お金にそこそこ余裕ができる反面アイテムが一人4つの所持制限だったり、回復スキルのコストがそこそこ重かったり、ニクイところで縛りが入ってきてるんですよねぇ。バランス調整が上手い! ばっちりハマる戦い方に気付ければ意外とするっといけますが、そこに気づくまでの試行錯誤が試されているようなプレイ感でした。
具体的な戦略等々は追記に格納するとして。
勝利した時の興奮が実に気持ちいい、バトル好きも大満足の作品です。
ぴこんと吹き出しアイコン
最後に原点回帰して。ゆるっとほのぼのなストーリーに合わせてグラフィックもかわいい感じです。基本はドットの歩行グラのみなんですが、お話し中にぴこぴこ吹き出しが出てきてくれるので見た目は明るく賑やかな感じ。ステータス画面も情報量は膨大なのにすっきり見やすくて驚きました。
あと、戦闘時のオリジナル規格なグラフィックがとってもかわいくて好きなんですよ!
戦闘時はどのスキルも魔法も固有の演出が走りますし、キャラもかなり動き回ってくれるので、かなり見ていて楽しかったです! ゆらゆらふらふらする彼女のモーションがほんっと大好き。
合わなかった点
と、絶賛しまくったところで合わなかった点もいくつか。
- レベルがばらけるパーティメンバー
- 入れ替えの操作感
- アクション要素
辺りですね。ここは少しネタバレになってしまうのですが、パーティ分断イベントがあるからにはレベルは自動的に統一してもらえたら嬉しかったかなと……。とはいえレベル差が20あっても意外にぎりぎりなんとかなる難易度なのはやっぱり凄い絶妙ですよね。

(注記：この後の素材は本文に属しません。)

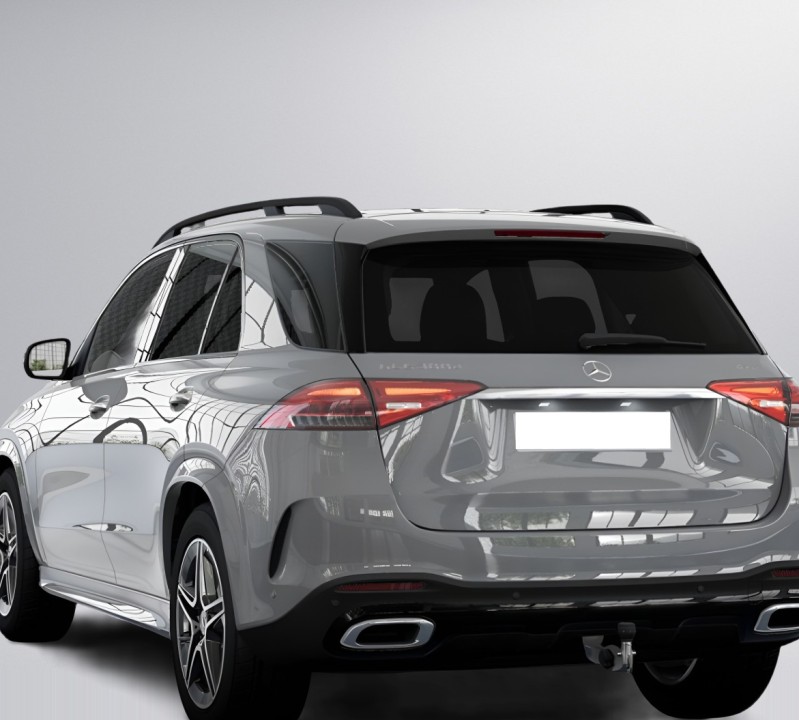 Mercedes-Benz GLE 300d 4MATIC AMG Line - foto 7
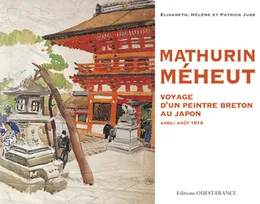 Mathurin Méheut et le Japon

あと陣形を変えるのが楽しかったので、メンバー入れ替えに手間取ってしまうようなキー操作だったのはちょっと惜しかったかも。
アクションは、はい、例のあれです。やっぱりこれもプレイヤーが驚くほどアクション苦手だからというところはあります!
とまあ、こんな感じで。
この他にも用語辞典や絶妙な隠し通路など、RPGにあるととっても嬉しい要素がぎゅっと詰まっている作品でした。
他の人のプレイングが見たくなるゲーは良ゲーの法則。
追記にはネタバレ感想やバトルの語りなど。
気になる方は下記へどうぞ。
同作者様の他フリーゲーム感想記事↓
本作のキャラがゲスト出演する別ゲー↓
ネタバレ注意!
ダンジョン・ボス戦
一番苦労して、一番達成感があったボス戦はずばりキルベルト戦です!
さすがオーガですよね……初見時どうしようかと途方に暮れました。ふふふ。勝ってやったぜ。ガード重視の陣形でHPが半分まで減ったらボム畳みかけ、という(おそらく)正攻法で倒しました。ポルカがHP20くらいでたった一人生き残っていて、本当にギリギリの戦いでした……。

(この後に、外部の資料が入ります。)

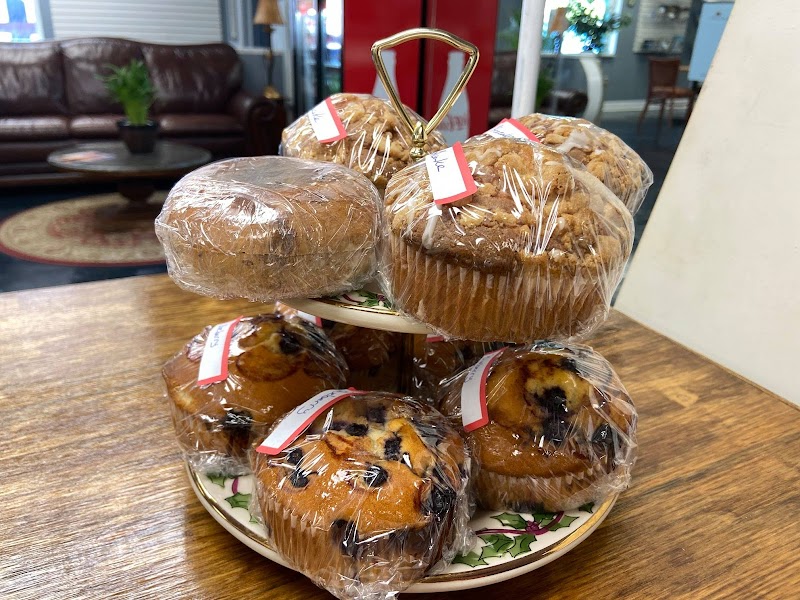 A Taste of Sunrise Coffee House — photo 2 of coffee shop in Hampstead, NC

スキルのコストが低い方がいいかなあと思ってランディの武器を買っていなかったせいで思わぬハードモードになった気もします。やっぱり素直に武器防具は揃えるべきですね!
他は初見か二戦目くらいで倒せたんですが……
色々飛んでラストダンジョン。ここがまた手ごわくて燃えました。
それまで私のメインメンバーって、ランディ・ノノ・ステラ・ポルカだったんですよ。わかりやすい高火力紙耐久。二人が加入してからずっとこれで突き進んでたので、つまり、コノハとロアがまったく育ってなかったんですよね! そんな中の分断はなかなかに応えました。
それでも舌を巻くのが、例えレベル差が17程度あっても意外になんとかなっちゃうところなんですよ。直前にもらえる最強武器はコノハとステラでしっかり二分されてますし、他ダンジョンと比べて回復ポイントがすぐに何度でも使える便利な位置に設置されてますし。さすがにちょこっとレベリングはしましたが、アイテムをしこたま買い集めたのもあって、一応中ボスは屠れました。ふぃー。
からの、ラスボス戦!
もうね、今度こそ倒せる見込みが思いつかずにうんうん唸っていました。
で、本当はここでかっこよく倒す秘訣など語れれば良かったんですが……。
ランディを前線に立たせてポルカが回復しながらステラとノノが殴る。そう、脳筋こそがパワー。力こそ栄光。そんな感じに勝ちました。レベル45くらいだったかなあ。
他の方の知的な勝利も見たいところです。
裏ダンジョンの裏ボス自体はけっこうあっさり倒せました。1戦目は前哨戦ってことだったんでしょうね。クリア後要素のランディの武器がかなりよく効くのもあって、ラスボスより楽に倒せた気がします。戦法も一緒、回避率が上がってもステラとノノがゴリ押してくれました。ノノの必中スキルがここで活きてくれて実に気持ち良かったです。レベルは55くらい。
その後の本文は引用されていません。